_Required action_
How do the lines read from the one holding "Fall Bows Blanket" through the last line of the listing? Set them down exactly, pictures omitted.

_Given data_
┌──

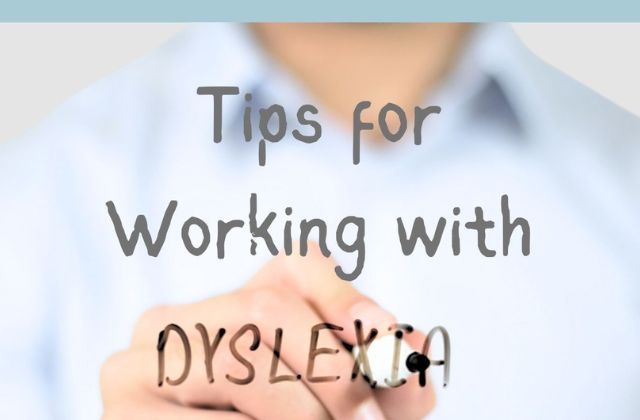 person holding marker to glass and writing the word 'tips for working with dyslexia'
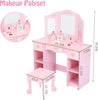 Girls' Vanity Table Chair Set Kids Makeup Dressing Table with Mirror and Drawer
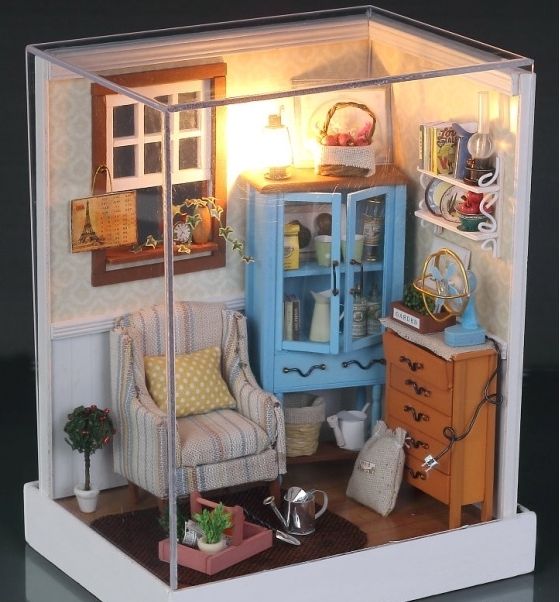 Kit w/ LED Wooden Dollhouse Miniature DIY House room corner Xmas Gift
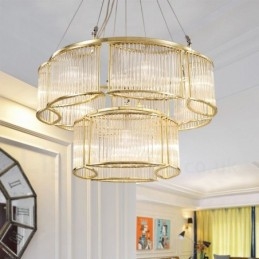Modern Contemporary 11 Light Steel Pendellampa Med Kristallglasskärm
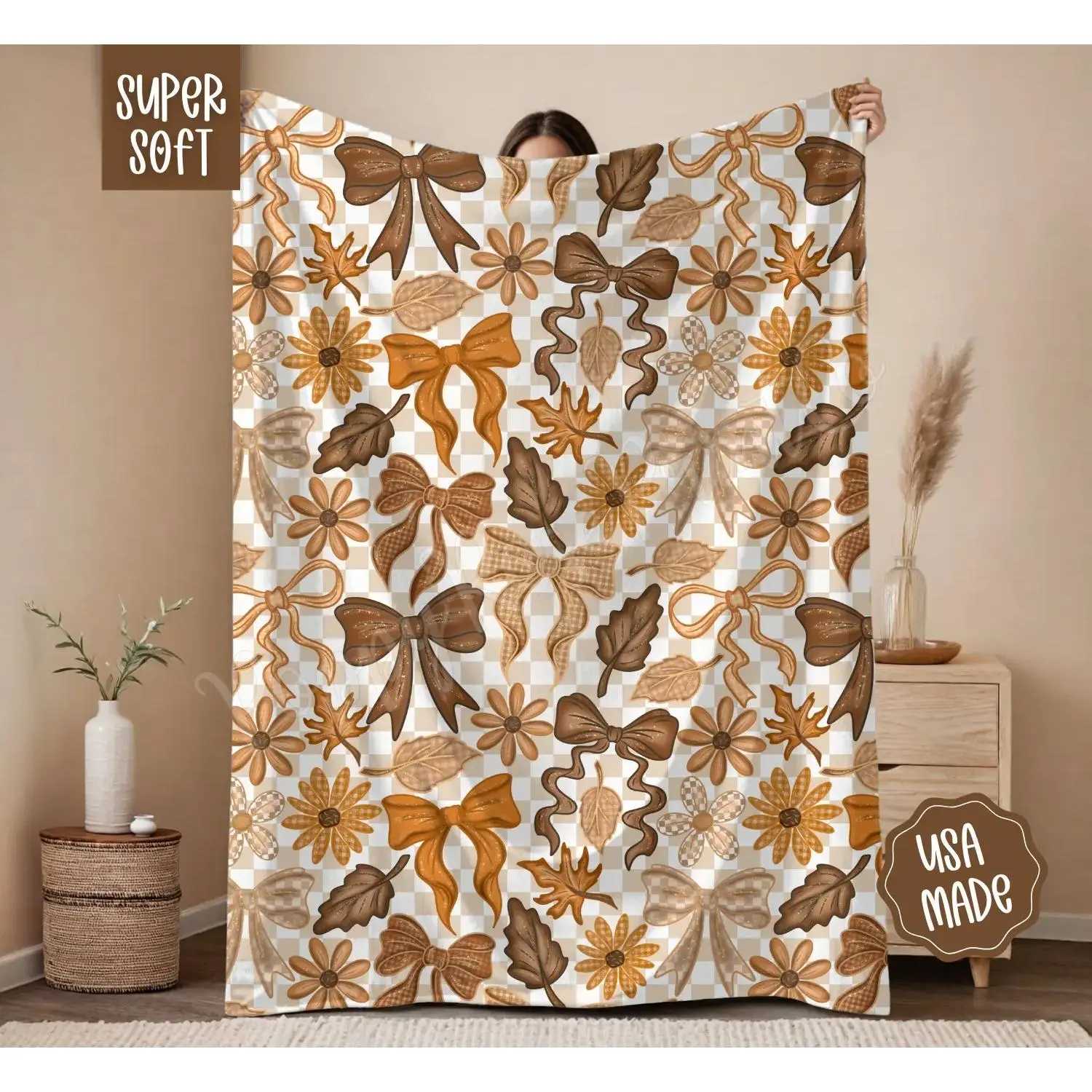 Fall Bows Blanket Cozy Halloween Throw Woven or Fleece Back Velvet Plush for Autumn Home Decor Made in USA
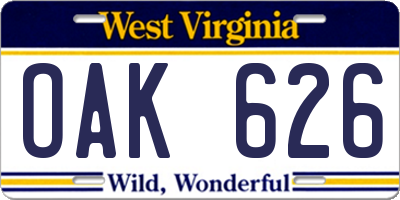 WV license plate OAK626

└──

_Task result_
 Fall Bows Blanket Cozy Halloween Throw Woven or Fleece Back Velvet Plush for Autumn Home Decor Made in USA
 WV license plate OAK626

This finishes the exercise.